Date of this Version

2008

Citation

Kristen Hoerl, "Remembering and Forgetting Black Power in Mississippi Burning," in Barry Brummett, ed., Uncovering Hidden Rhetorics: Social Issues in Disguise (Thousand Oaks, CA: SAGE Publications, 2008), pp 13–30.

Comments

Copyright © 2008 SAGE. Used by permission.

Abstract

Although critics are correct to point out that Mississippi Burning did not faithfully depict historical events surrounding the real-life disappearances of [civil rights activists] Chaney, Schwerner, and Goodman, I argue that these criticisms overlook some of the ways in which the film advances the cause of racial justice. On a formal level, Mississippi Burning evokes the struggles experienced by members of the Black Power movement, a social movement that emerged on the heels of civil rights.
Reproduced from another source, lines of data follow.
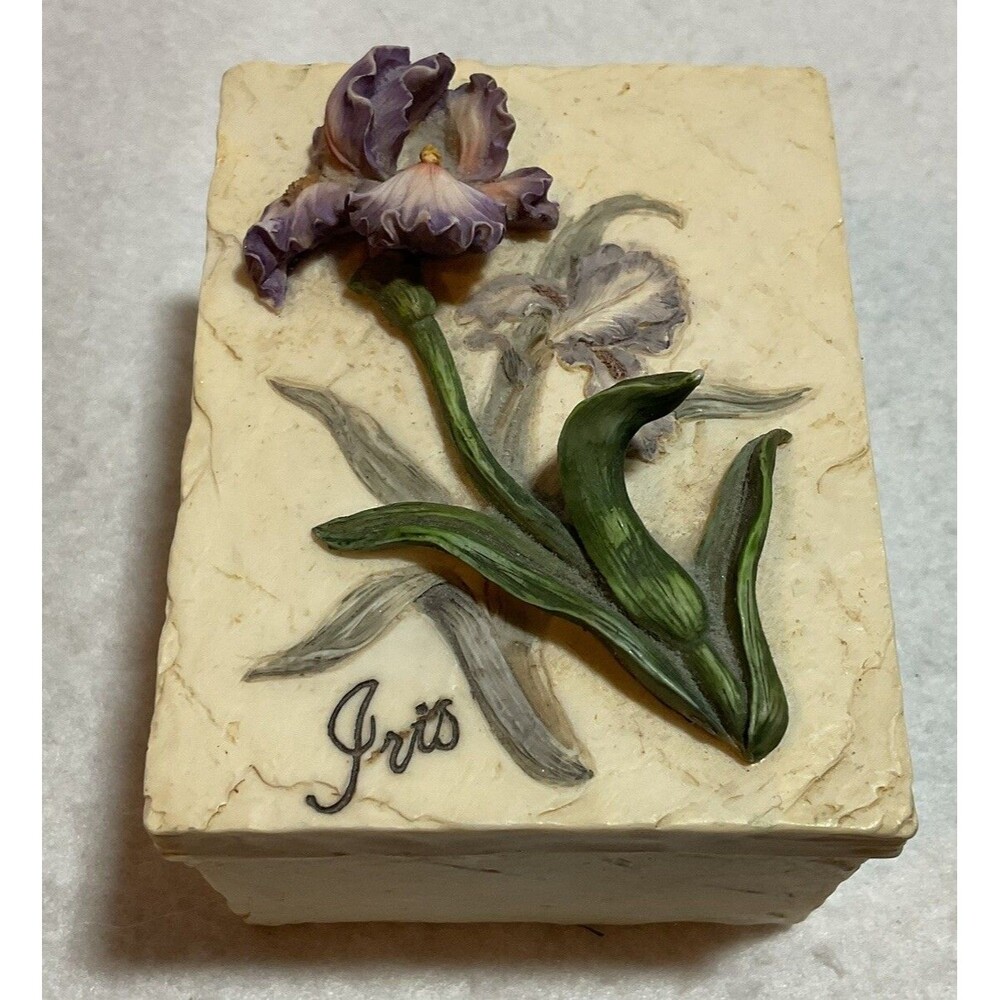 Iris Retro/Vintage Ceramic Box For Jewels - Iris On Top Is 3D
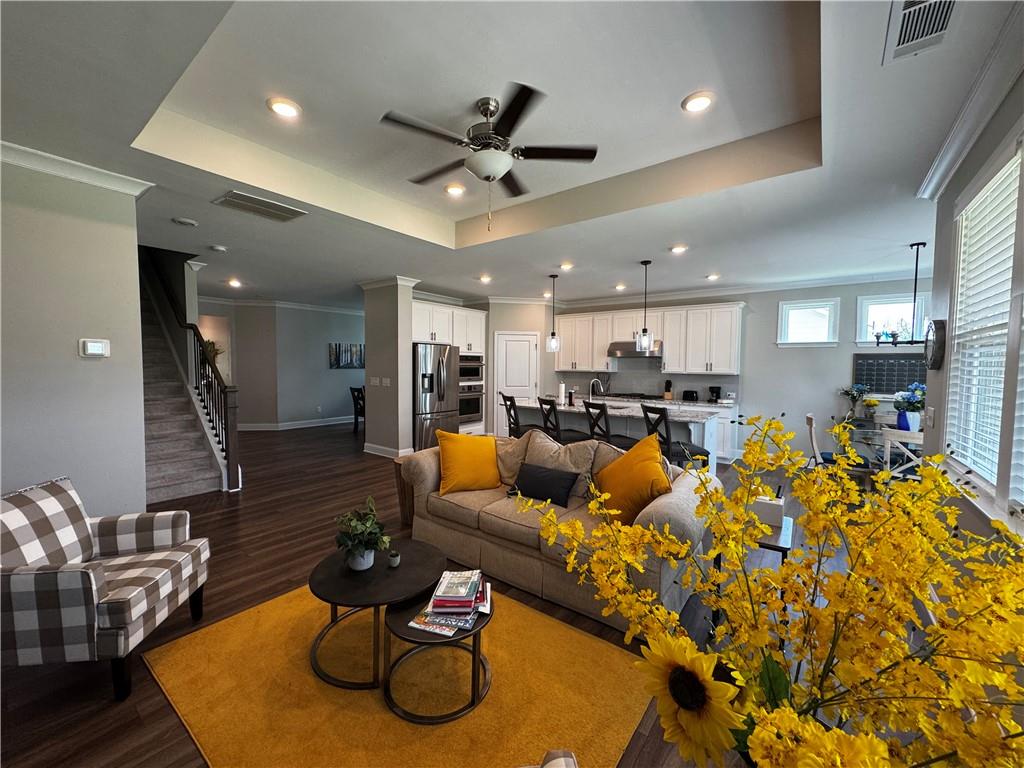 5231 Noble Oak Cove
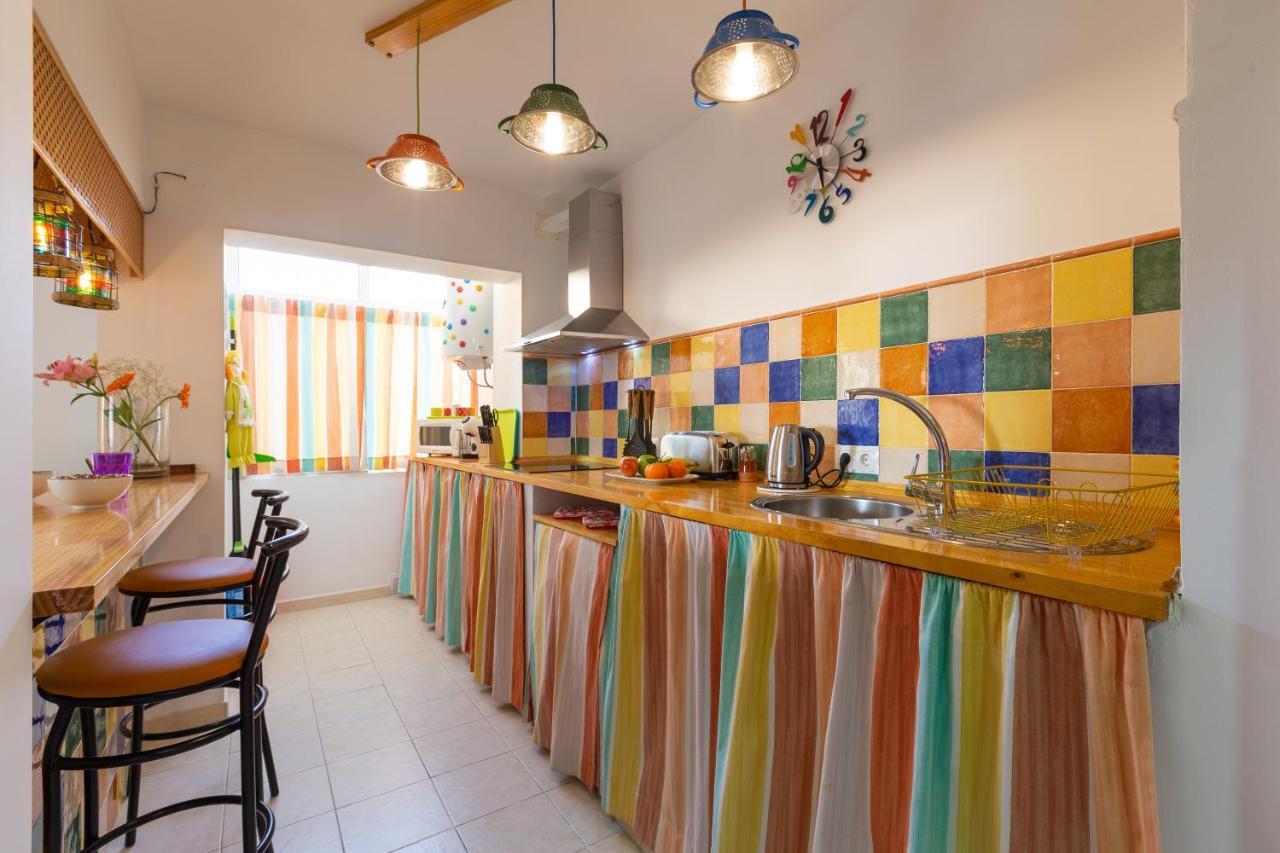 Luminoso Apartamento De Dos Habitaciones Con Terraza Y Parking En El Centro Málaga Exterior foto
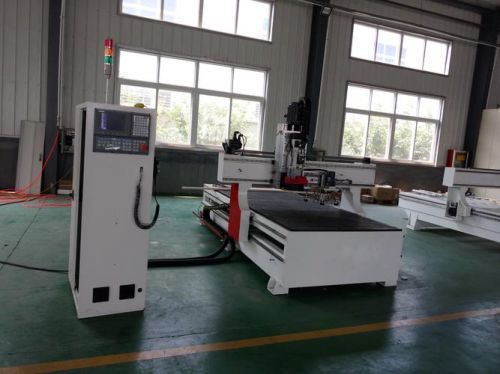 木门加工中心视频，原木门加工中心-第1张图片-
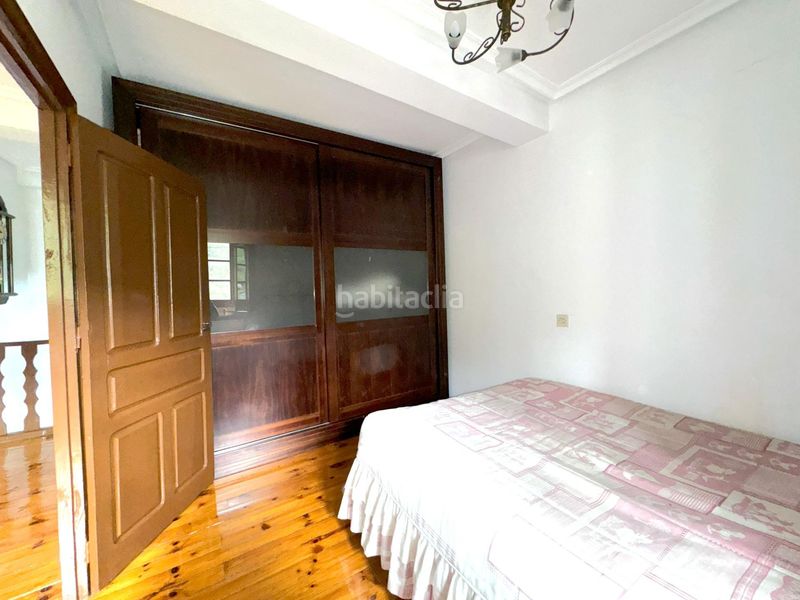 Foto bf771d3f-a56e-4dd3-a2b6-d176662f66d0. Casa amb calefacció a Aller
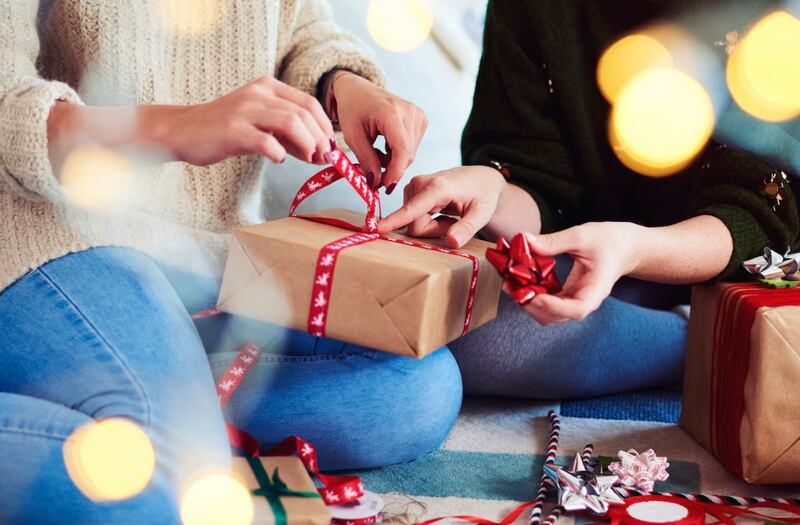 Dos amigos preparando regalos de Navidad para Navidad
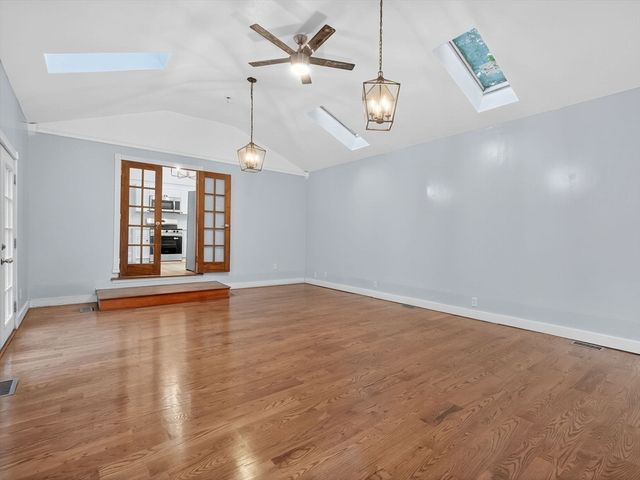 44 Liberty St, Randolph, MA 02368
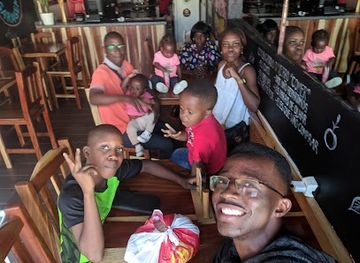 angola/bie-plateau/bar/hamburgueria-e-churrasqueira-na-garagem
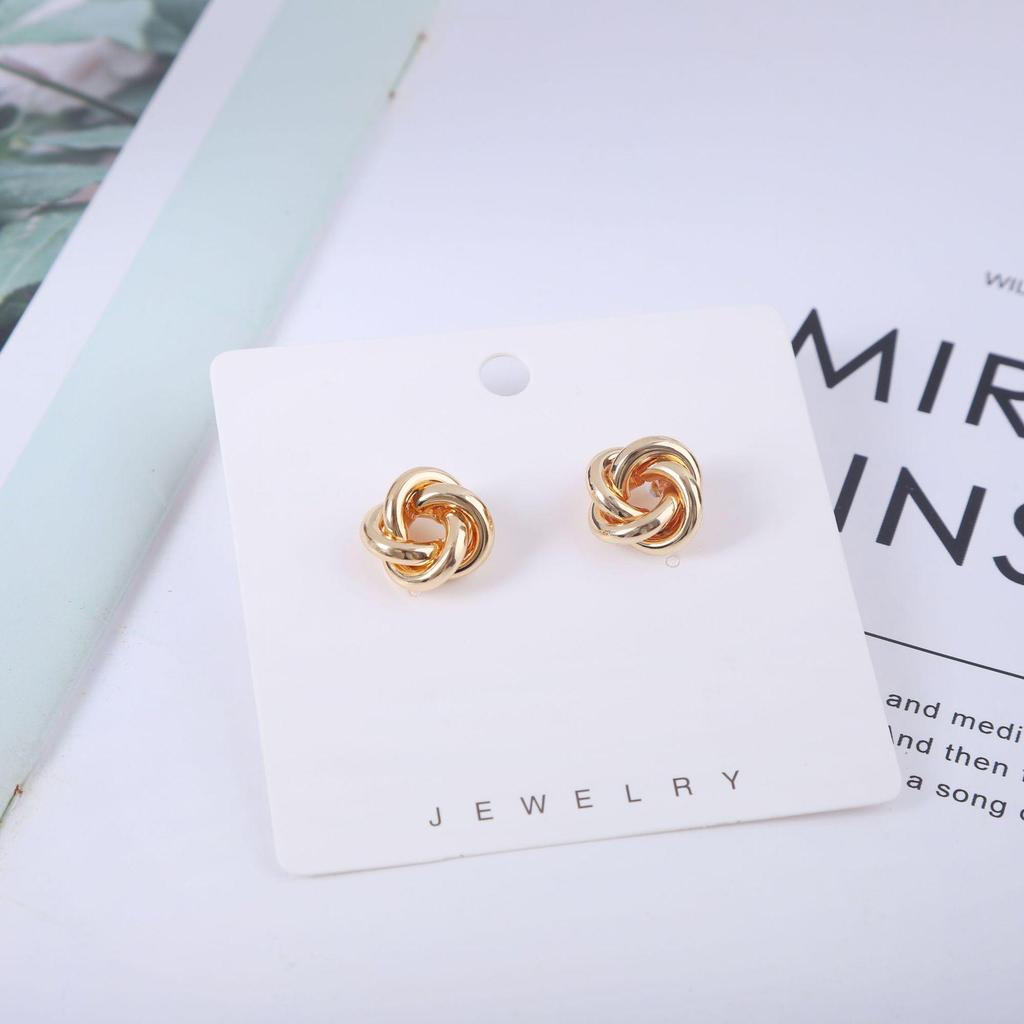 Elegante Geometrische Ohrstecker mit Gold-Twist-Textur - Europäischer Retro-Stil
Looking at the film in the context of this movement, I argue that Mississippi Burning is a homology for the Black Power movement. Barry Brummett describes a homology as a situation in which “two or more kinds of experience appear or can be shown to be structured according to the same pattern in some important particulars of their material manifestations.” In this chapter, I explain how the film’s plot revolves around the types of conflicts and solutions to racial injustice that propelled the Black Power movement.

To set the context for understanding how this film parallels Black Power, I describe the events that propelled the Black Power movement and the rhetoric of Black Power articulated by Stokely Carmichael, a prominent Black Power spokesperson. Then I analyze Mississippi Burning's plot in the context of Carmichael’s speeches. By interpreting the film’s narrative in the context of Carmichael’s rhetoric, I demonstrate how the film’s storyline formally embodies the conflicts that Carmichael experienced and described during Black Power’s heyday. I also demonstrate how the solutions arrived at by the film’s protagonists mirror Black Power’s response to racial injustices toward the end of the 1960s. By formally enacting the reasoning processes engaged in by Black Power proponents, the film challenges the justice of the then existing political system. The Black Power movement was an important response to ongoing racial injustices at the end of the civil rights era. By looking at the ways in which the film formally depicts similar responses to injustice, this analysis offers unique insights about the rhetorical role of this “civil rights” film. It also challenges the assumption that historically situated films must represent events with fidelity to the past in order to make a statement about social injustice and political power.